*Raw data*:

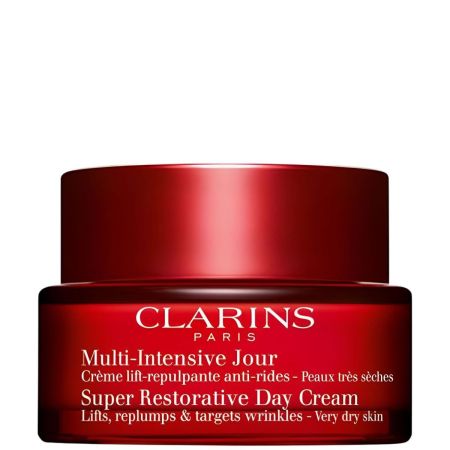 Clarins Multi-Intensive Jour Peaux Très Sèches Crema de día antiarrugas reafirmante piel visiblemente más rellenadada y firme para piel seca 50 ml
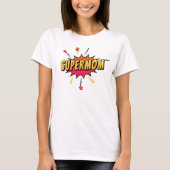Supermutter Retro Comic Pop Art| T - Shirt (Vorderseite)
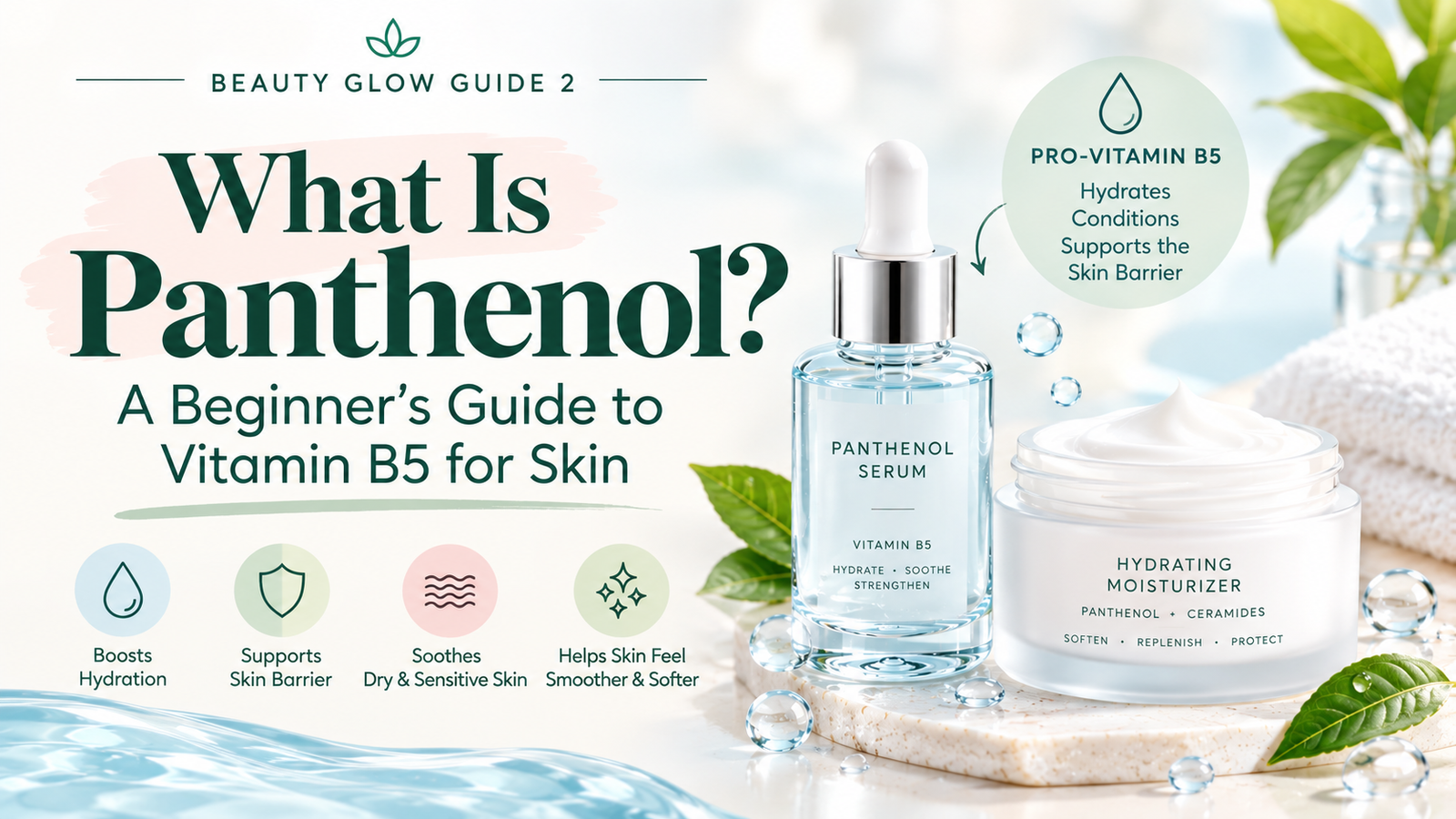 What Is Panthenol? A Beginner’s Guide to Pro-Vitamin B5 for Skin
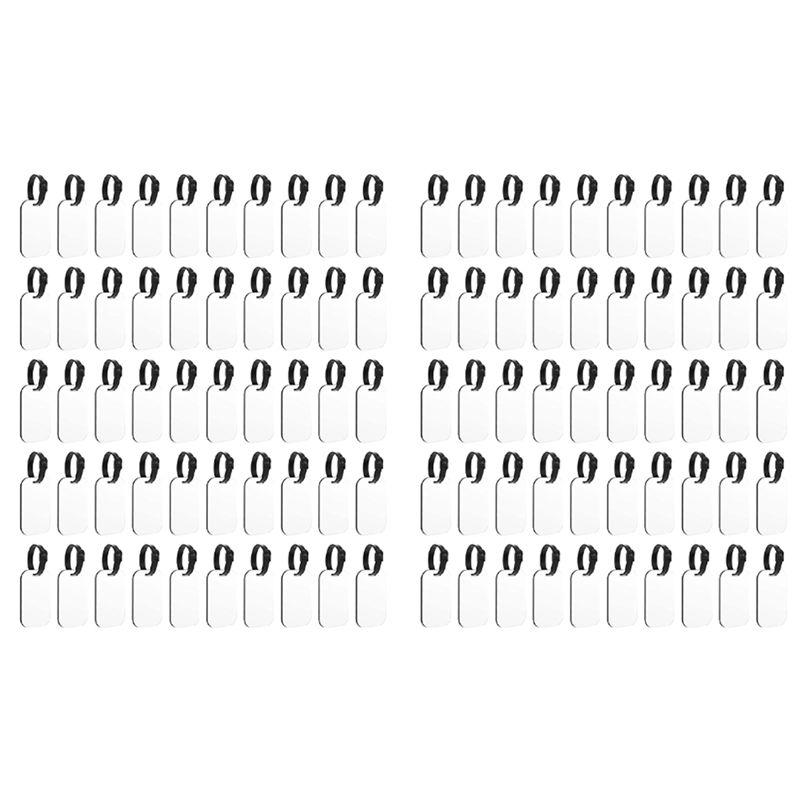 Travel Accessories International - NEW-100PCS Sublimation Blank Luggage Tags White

*Your instructions*:
Would you mind transcribing the material exactly, without the pictures?

*Solution*:
 Clarins Multi-Intensive Jour Peaux Très Sèches Crema de día antiarrugas reafirmante piel visiblemente más rellenadada y firme para piel seca 50 ml
Supermutter Retro Comic Pop Art| T - Shirt (Vorderseite)
 What Is Panthenol? A Beginner’s Guide to Pro-Vitamin B5 for Skin
 Travel Accessories International - NEW-100PCS Sublimation Blank Luggage Tags White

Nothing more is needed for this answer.